BiRNN-CRF structure concating with pre-trainned word embedding

In [None]:
class BiLSTM_CRF(nn.Module):
    def __init__(self, vocab_size, tage_to_ix, embedding_dim, hidden_dim, char_lstm_dim=25,
                      char_to_ix=None, pre_word_embeds=None, char_embedding_dim=25, use_gpu=False,
                      n_cap=None, cap_embedding_dim=None, use_crf=True, char_mode='CNN'):
        super(BiLSTM_CRF, self).__init__()
        self.use_gpu = use_gpu
        self.embedding_dim = embedding_dim
        self.hidden_dim = hidden_dim
        self.vocab_size = vocab_size
        self.tag_to_ix = tag_to_ix
        self.n_cap = n_cap
        self.cap_embedding_dim = cap_embedding_dim
        self.use_crf = use_crf
        self.tagset_size = len(tag_to_ix)
        self.out_channels = char_lstm_dim #  #output channels
        self.char_mode = char_mode
        
        print('char_mode: %s, out_channels: %d, hidden_dim: %d, ' % (char_mode, char_lstm_dim, hidden_dim))
        
        if self.n_cap and self.cap_embedding_dim:
            self.cap_embeds = nn.Embedding(self.n_cap, self.cap_embedding_dim)
            init_embedding(self.cap_embeds.weight)
        
        if char_embedding_dim is not None:
            self.char_lstm_dim = char_lstm_dim
            self.char_embeds = nn.Embedding(len(char_to_ix), char_embedding_dim)

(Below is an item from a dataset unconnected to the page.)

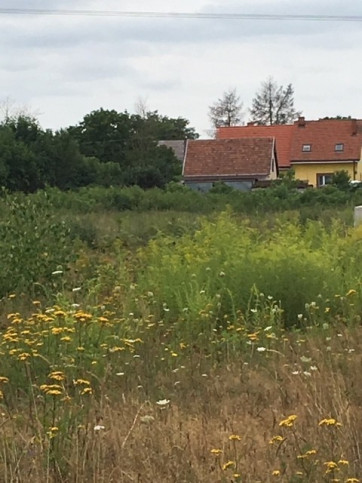 Działka Sprzedaż Stara Dąbrowa 1
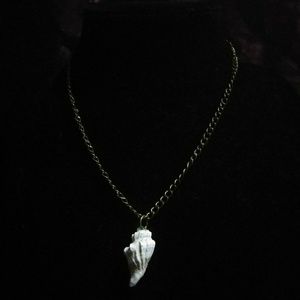 Natural Florida shell necklace in gold tone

            init_embedding(self.char_embeds.weight)
            if self.char_mode == 'LSTM':
                self.char_lstm = nn.LSTM(char_embedding_dim, char_lstm_dim, num_layers=1, bidirectional=True)
                init_lstm(self.char_lstm)
            if self.char_mode == 'CNN':
                self.char_cnn3 = nn.Conv2d(in_channels=1, out_channels=self.out_channels, kernel_size=(3, char_embedding_dim), padding=(2, 0))